30
de outubro de 2012 | N° 17238
FABRÍCIO
CARPINEJAR
Quanto mais .............. pior
Meu
amigo Daniel superou 40 dias de luto da separação, aguentou no osso o divórcio,
chorou horrores e debulhou suas lágrimas em copos de bourbon, parou de atender
ao telefone e se trancou no quarto.
No 41º
dia, ele ressuscitou. E voltou a sair e se divertir. Já estava esquecendo o
quanto amava sua ex. Já estava esquecendo que foi amado pela ex.
Um
homem somente apaga um amor no momento em que encontra outro. Daniel se
enamorou por uma bancária. Badalou vários finais de semana com Heloísa, ria com
a franqueza de um adolescente.
Apaixonado?
Sim, mas seria o último a saber. Todo apaixonado é o último a saber que está apaixonado.

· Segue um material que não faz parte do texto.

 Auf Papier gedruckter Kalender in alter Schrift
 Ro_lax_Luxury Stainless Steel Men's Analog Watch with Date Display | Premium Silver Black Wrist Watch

O mundo inteiro sabe, menos o próprio apaixonado. Não adiantava contar a Daniel
que ele estava apaixonado, ele jamais me escutaria. O apaixonado é surdo também.
Para
comemorar a nova fase de sua vida, Daniel convidou Heloísa para almoço em
restaurante francês nos fundos de um casarão.
Ele
pediu cordeiro com purê de beterraba; ela, filé mignon com acompanhamentos
silvestres.
Ele
pediu um vinho chileno; ela avisou que não poderia beber (pois ainda iria
trabalhar), e se contentou com uma Coca-Cola.
– Coca-Cola
light?
– Não,
senhora, só temos Zero – avisou o garçom.
– Ok,
não vou me desesperar por um detalhe – replicou.
O
casal soltou os braços sobre a toalha para diminuir a distância das cadeiras,
ambos se olhavam firme e forte numa hipnose infindável, hipnose à moda antiga,
de relógio de bolso balançando.
A
mesa estava sobrando entre os dois. Ele se debruçava no prato para arrancar um
beijo, ela se levantava para acariciar sua testa. Nada poderia estragar aquele
bem-estar. Quase nada.
Mas
quando a Coca pousou na mesa, Heloísa gelou, derrubou o arranjo de flores e
fugiu para o banheiro soluçando a seco.
Ele
olhou a Coca com calma: Será que tinha uma barata?
Não
achou coisa alguma, até que leu um nome. A marca decidiu homenagear seus
consumidores nas latinhas.
Era
o nome de sua abominável ex: Carolina.
“Quanto
mais CAROLINA melhor”
Heloísa
não aguentou a provocação, ardia de ciúme do passado dele.
Quando
um refrigerante faz uma campanha dessas, não cogita de que existem desafetos no
mundo, ódio familiar, revolta interior, tristeza reprimida, viuvez, gente que
levou o fora ou foi corneado ou enganado. Imagina apenas que todos se gostam e
que todos vão adorar ver seu nome ou de sua namorada na embalagem.
Daniel
amaldiçoou o azar, criou teorias da conspiração, não duvidou da perseguição da
megera, cogitou a hipótese de ela subornar o garçom para trazer aquele
refrigerante.
– Como,
entre milhares de opções, surge em minha mesa logo o nome daquela vagabunda?
Não
poderia responder. Heloísa recusou carona e seguiu sozinha para o emprego. Não
havia mais felicidade para ser dividida.
Do
copo dela, só ficou o limão.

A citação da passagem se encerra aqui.